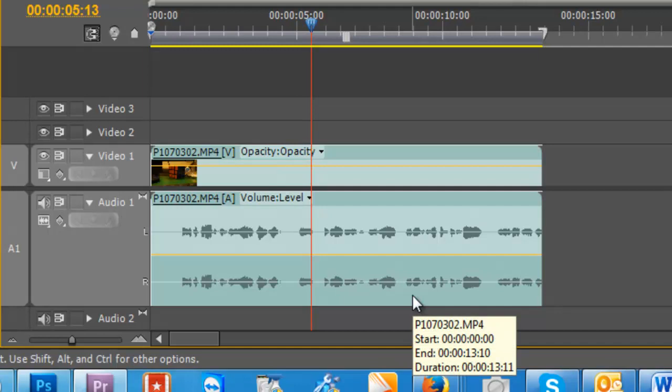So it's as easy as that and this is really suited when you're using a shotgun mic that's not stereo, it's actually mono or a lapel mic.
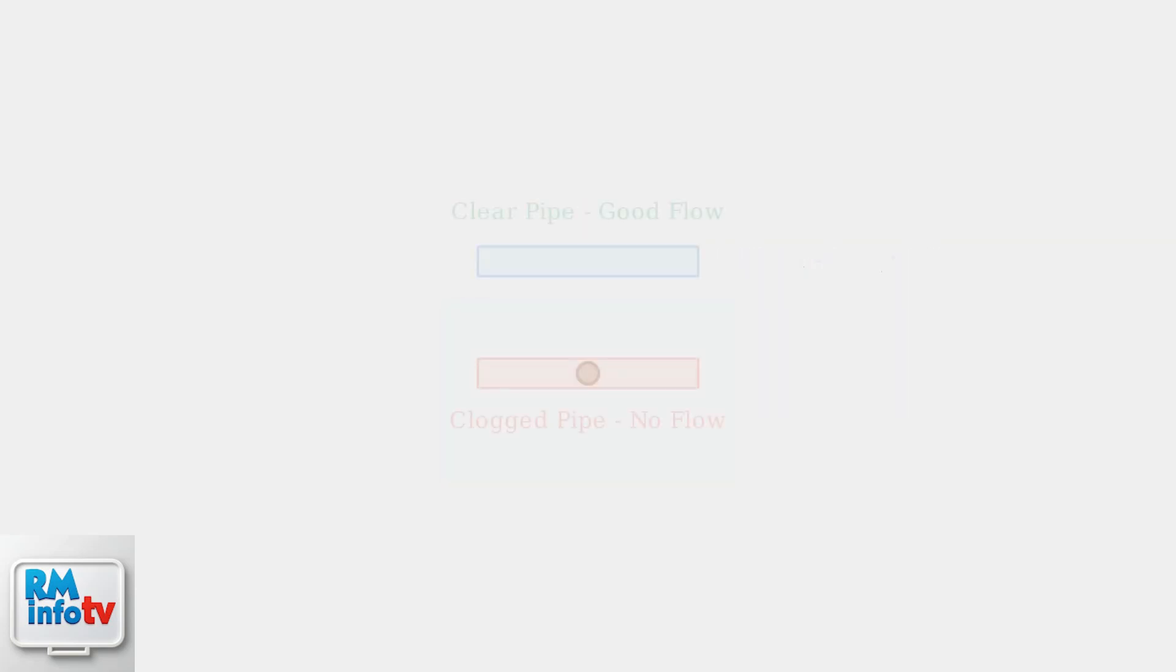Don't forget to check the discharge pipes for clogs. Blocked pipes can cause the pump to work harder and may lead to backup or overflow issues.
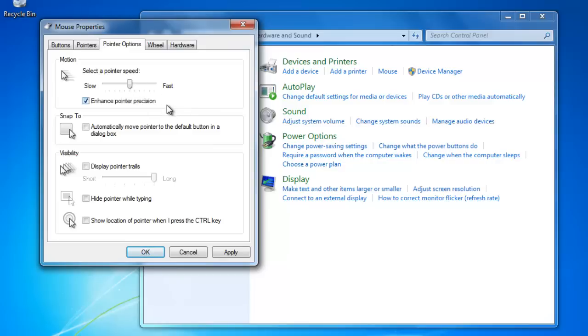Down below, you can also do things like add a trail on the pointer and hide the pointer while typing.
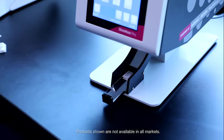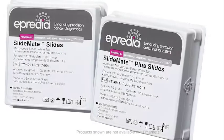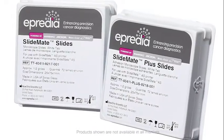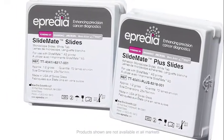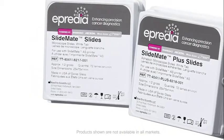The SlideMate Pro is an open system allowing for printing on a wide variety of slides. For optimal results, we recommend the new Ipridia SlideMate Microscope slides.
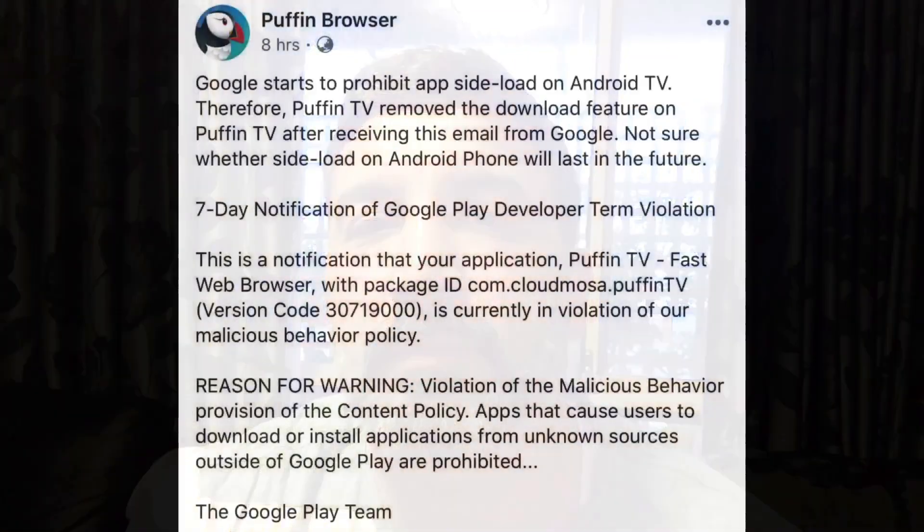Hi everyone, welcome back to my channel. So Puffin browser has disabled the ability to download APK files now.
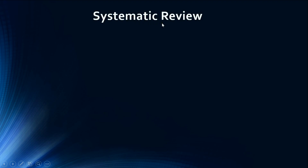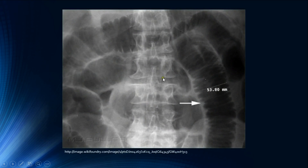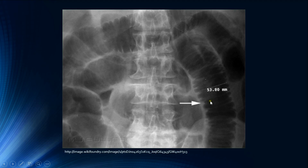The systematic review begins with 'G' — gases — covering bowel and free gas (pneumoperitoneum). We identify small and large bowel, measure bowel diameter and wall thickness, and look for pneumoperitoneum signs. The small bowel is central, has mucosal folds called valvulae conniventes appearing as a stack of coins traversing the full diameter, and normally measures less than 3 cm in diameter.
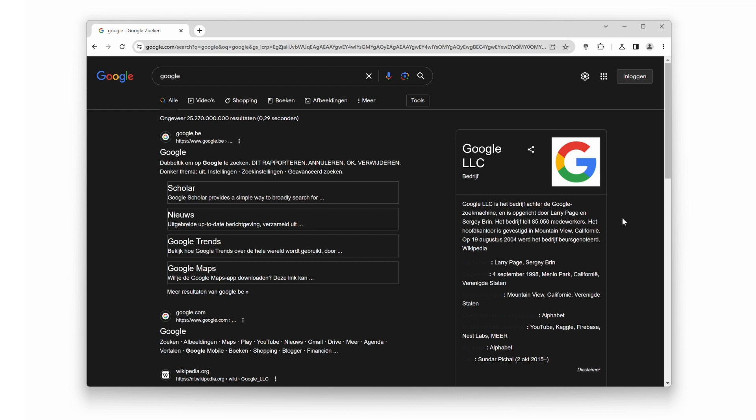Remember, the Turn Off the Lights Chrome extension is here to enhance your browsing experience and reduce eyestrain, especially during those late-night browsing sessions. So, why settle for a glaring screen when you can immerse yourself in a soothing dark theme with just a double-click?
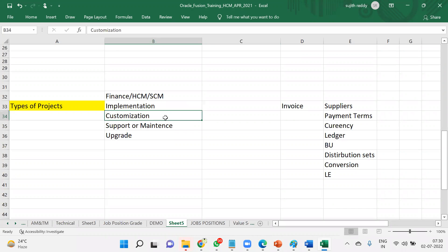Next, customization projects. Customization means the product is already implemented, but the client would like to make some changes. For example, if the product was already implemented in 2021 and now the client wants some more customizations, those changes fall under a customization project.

-.-.-

All the lines above must be written out exactly, without a single picture.

So it's as easy as that and this is really suited when you're using a shotgun mic that's not stereo, it's actually mono or a lapel mic.
Don't forget to check the discharge pipes for clogs. Blocked pipes can cause the pump to work harder and may lead to backup or overflow issues.
Down below, you can also do things like add a trail on the pointer and hide the pointer while typing.
The SlideMate Pro is an open system allowing for printing on a wide variety of slides. For optimal results, we recommend the new Ipridia SlideMate Microscope slides.
Hi everyone, welcome back to my channel. So Puffin browser has disabled the ability to download APK files now.
The systematic review begins with 'G' — gases — covering bowel and free gas (pneumoperitoneum). We identify small and large bowel, measure bowel diameter and wall thickness, and look for pneumoperitoneum signs. The small bowel is central, has mucosal folds called valvulae conniventes appearing as a stack of coins traversing the full diameter, and normally measures less than 3 cm in diameter.
Remember, the Turn Off the Lights Chrome extension is here to enhance your browsing experience and reduce eyestrain, especially during those late-night browsing sessions. So, why settle for a glaring screen when you can immerse yourself in a soothing dark theme with just a double-click?
Next, customization projects. Customization means the product is already implemented, but the client would like to make some changes. For example, if the product was already implemented in 2021 and now the client wants some more customizations, those changes fall under a customization project.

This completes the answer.